While her children were young, Munro wedged fiction writing between housework and her daughters’ naps. Time constraints steered her toward short stories. “I wrote in bits and pieces,” she said in a 2001 interview with Atlantic Monthly. “Perhaps I got used to thinking of my material in terms of things that worked that way.”
In 1963 the Munros moved to Victoria, British Columbia, and opened a bookstore — Munro’s Books — which eventually became a literary landmark.
Family commitments slowed Munro’s writing career. It took her close to 20 years to finish enough stories to fill her first collection, “Dance of the Happy Shades,” published in 1968. She was 37. The book won the Canadian Governor General’s Literary Award in 1969. Munro won the prize again in 1978, 1979 and 1987.
“I feel that I am two rather different people, two very different women,” she said in an interview with Graeme Gibson for “Eleven Canadian Novelists” (1973). “In many ways I want a quite traditional role and then of course the writer stands right outside this, so there’s the conflict right there.”
The social upheavals of the 1960s gave Munro new material to write about. She grew dissatisfied with her husband, and the couple divorced in 1973 after 22 years of marriage. She took an appointment teaching at the University of Western Ontario and reconnected with Gerald Fremlin, a geographer she first met while they were students. They married and in 1976 moved to Clinton, Ontario; each had been raised within a few miles of the town.
Place became a character in Munro’s stories. “I am intoxicated by this landscape,” she wrote, “by the almost flat fields, the swamps, the hardwood bush, by the continental climate with its extravagant winters.”
In dozens of short stories set in Ontario, she combined the “intractably rural” region with the human commotion it hosted — “gothic passions, buried sorrows and forlorn mysteries,” a reviewer for the New York Times magazine wrote in 2004.
At age 60, Munro began writing stories about her contemporaries as they looked back over the past. In “Friend of My Youth,” a collection published in 1990, a number of men and women from Munro’s generation are portrayed as grudging survivors of the sexual revolution, the peace movement and the feminist movement of the 1960s and ’70s. Critics referred to her “mature vision.”
By 1998 Munro was at the height of her success. She won the National Book Critics Circle Award that year for “The Love of a Good Woman.” Three years later, she completed “Hateship, Friendship, Courtship, Loveship, Marriage,” her 12th book. It sealed her reputation. She followed it in 2004 with “Runaway,” a collection of three stories that follow the main character, Juliet, from a bumbling 21-year-old with a degree in classics through 30 years of bad love affairs, money problems and a daughter who no longer speaks to her.
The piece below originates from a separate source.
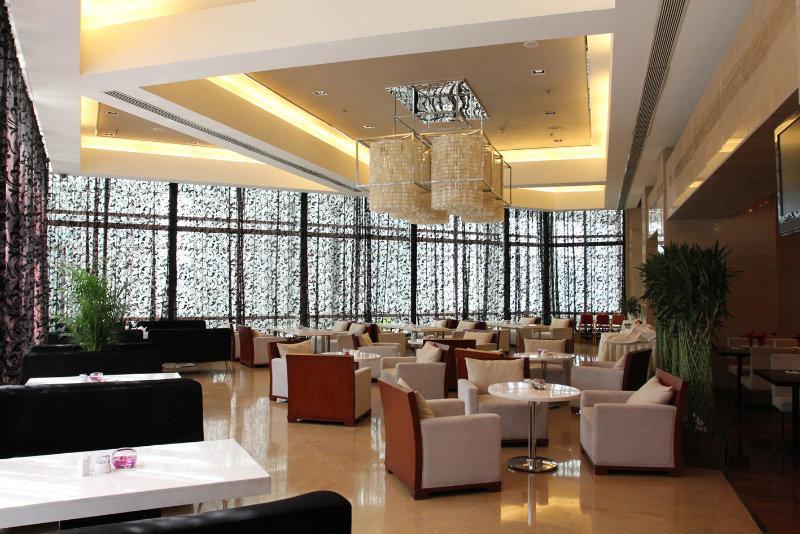 Dong Huang Hotel Peking Exteriör bild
“The moments she’s pursuing now … are moments of fateful, irrevocable, dramatic action,” Jonathan Franzen wrote in a review for the New York Times Book Review. “What this means for the reader is you can’t even begin to guess at a story’s meaning until you’ve followed every twist; it’s always the last page or two that switches all the lights on.”
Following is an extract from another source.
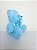 Urso Fofura Azul 17 cm de Pelucia 88H-24080-17 - Imagem 2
Munro’s final story collection, “Dear Life,” was published in 2012. The following year, she won the Nobel Prize in Literature.
“I write the story I want to read,” Munro told the New York Times. “I do not feel responsible to my readers or my material. I know how hard it is to get anything to work right. Every story is a triumph.”
Munro is survived by her daughters Sheila and Jenny. Fremlin, her husband, died in 2013.
Rourke is a former Times staff writer.